QueTwo's Blog

thouoghts on telecommunications, programming, education and technology

Tag Archives: Computer Science

Integrating the Microsoft Kinect into your Flex application

One of the topics I will be talking about during my MAX session this year is integrating game controllers into your Flex/AIR or ActionScript games in order to make more naturally interactive games.  There are a lot of examples of using the Wii controller online already — and plus with the next generation of video game consoles coming out soon, I thought it would be best to spend my time on the latest and greatest — the Microsoft Kinect.

For those who don’t know much about the Kinect, it is a pair of Web Cams — one RGB (like a normal Web Cam), and one that sees only infrared.  The combination of the two (along with a bunch of other electronics and software) allow the Kinect to have real depth-preception.  This means that being able to track people, hands and everything else become trivial.  The Microsoft Kinect was actually developed by PrimeSense, who originally made the device for PCs, rather than game consoles.  This means that the devices are actually compatible with PCs, rather than relying on a whole stack of hacks to get them to work. 

The biggest difficulty in getting the Kinect working is wading through all the pieces and parts that are needed to get it all working.  Documentation is in very short supply (and usually found within text files on GitHub).  Compounding the problem is that there are tens, if not hundreds of open-source projects revolving the Kinect — but unfortunately each depend on a different set of drivers, middleware and APIs — many which are NOT compatible with eachother. 

I will state right here that I am not an expert in all of these, but I did follow one path that made things work (after following MANY that didn’t).  Matt LeGrand and I are planning a separate website and blog that will explore these other paths more to help people make sense of what to choose and what not to choose.  My primary experience is getting the Kinect working with Windows 7, as I am well aware that my aging Mac laptop is not powerful enough to do much with the Kinect.  Yes, you need a modern computer in order to use the Kinect.

So, where would you start?  You obviously need the actual Microsoft Kinect controller.  There are two models in the market right now — one that is USB only, and one with a USB + Power supply.  The USB only version will ONLY work with the XBox, where the USB + Power Supply version works with PCs (the Kinect draws a few amp of power, which the XBox apparently can supply using USB).  The only difference between the two packages is the power brick and a USB power injection module.  If you end up with the wrong one, you are supposed to be able to buy the power brick and injection module, but I have no idea where one would pick that up.  I got my kit from Best Buy in the video game refurbished aisle (it was about $100, after an instant coupon).  The brand-new ones were about $140.
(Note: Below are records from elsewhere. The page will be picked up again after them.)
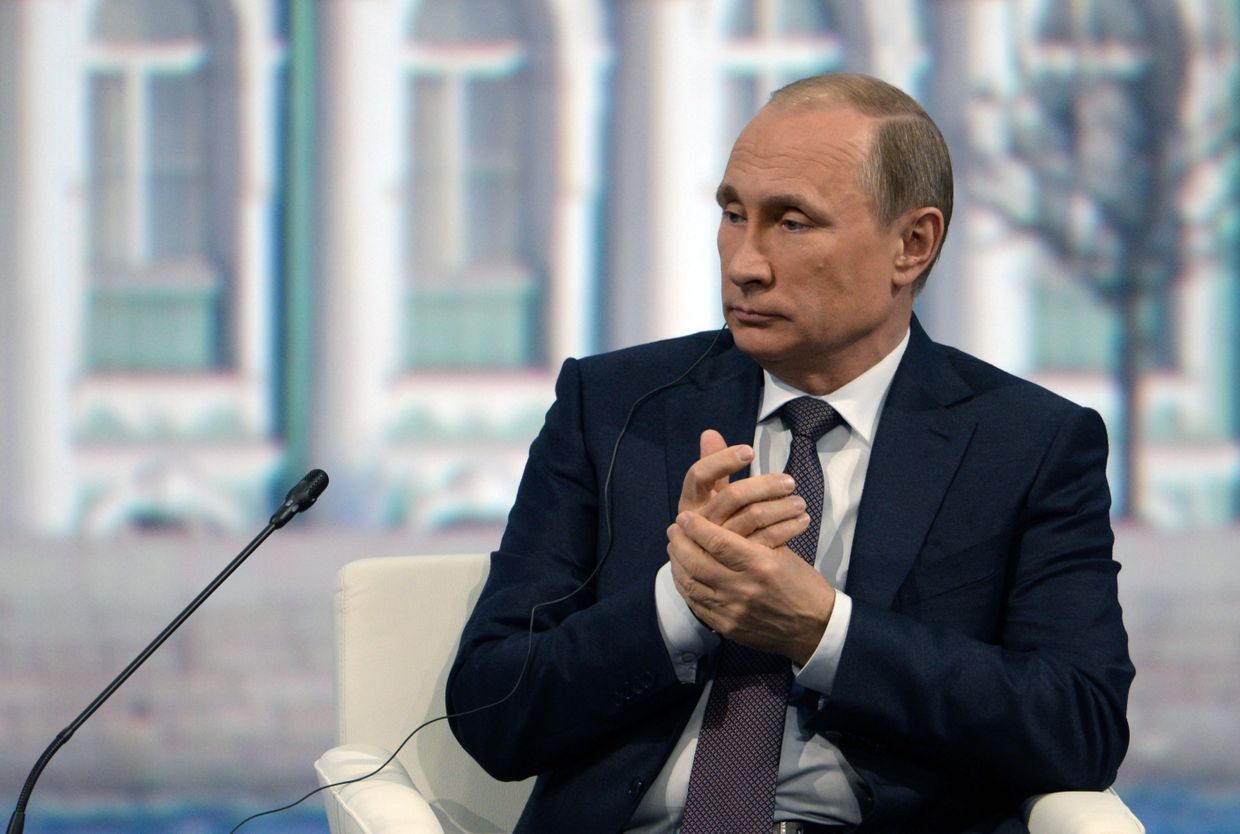 Президент России Владимир Путин на панельной дискуссии в ходе пленарного заседания XIX Петербургского экономического форума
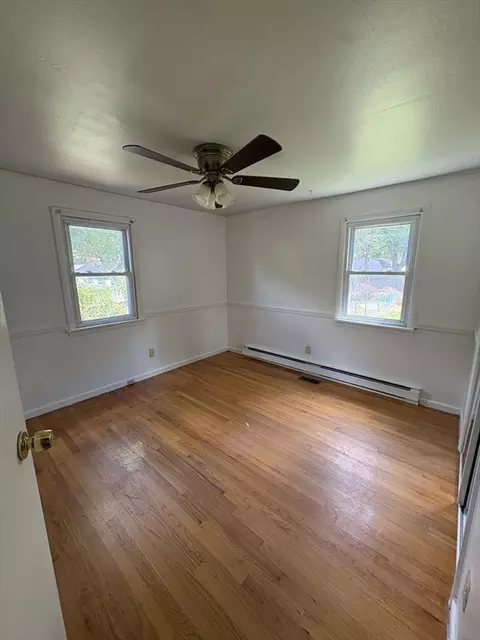 Bedroom - 40 Partridge Dr, Springfield, MA 01119 photo 1 of 4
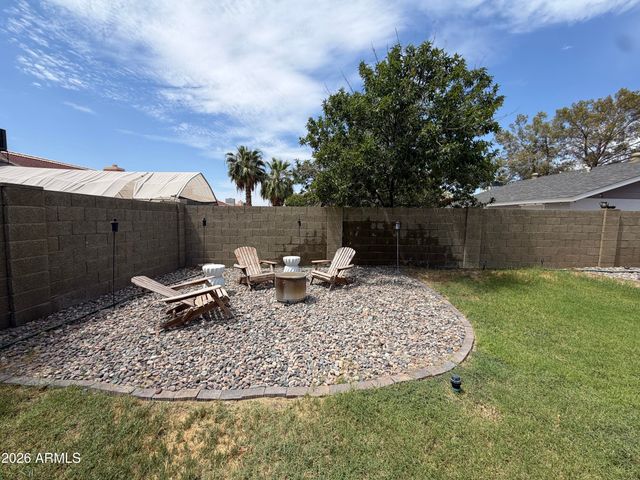 5201 W MERCER Lane, Glendale, AZ 85304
Before you plug it in, you need to install the drivers, middleware and APIs.  There are three well-known sets of drivers and middleware, but the ones I found worked for me are directly from PrimeSence.  The drivers and middleware are hosted on OpenNI’s website at http://www.openni.org/downloadfiles/opennimodules.  There are three downloads you need — the OpenNI Module (OpenNI Binaries), the PrimeSense NITE Middleware, and the PrimeSense Drivers (OpenNI Compliant Hardware Binaries).  Download only the 32-bit downloads, even if you are on a 64-bit Windows 7 install!!  I’ve found LOTS of issues with the 64-bit drivers that cause things to break.    Install the drivers, then the middleware, then the OpenNI APIs (in that order).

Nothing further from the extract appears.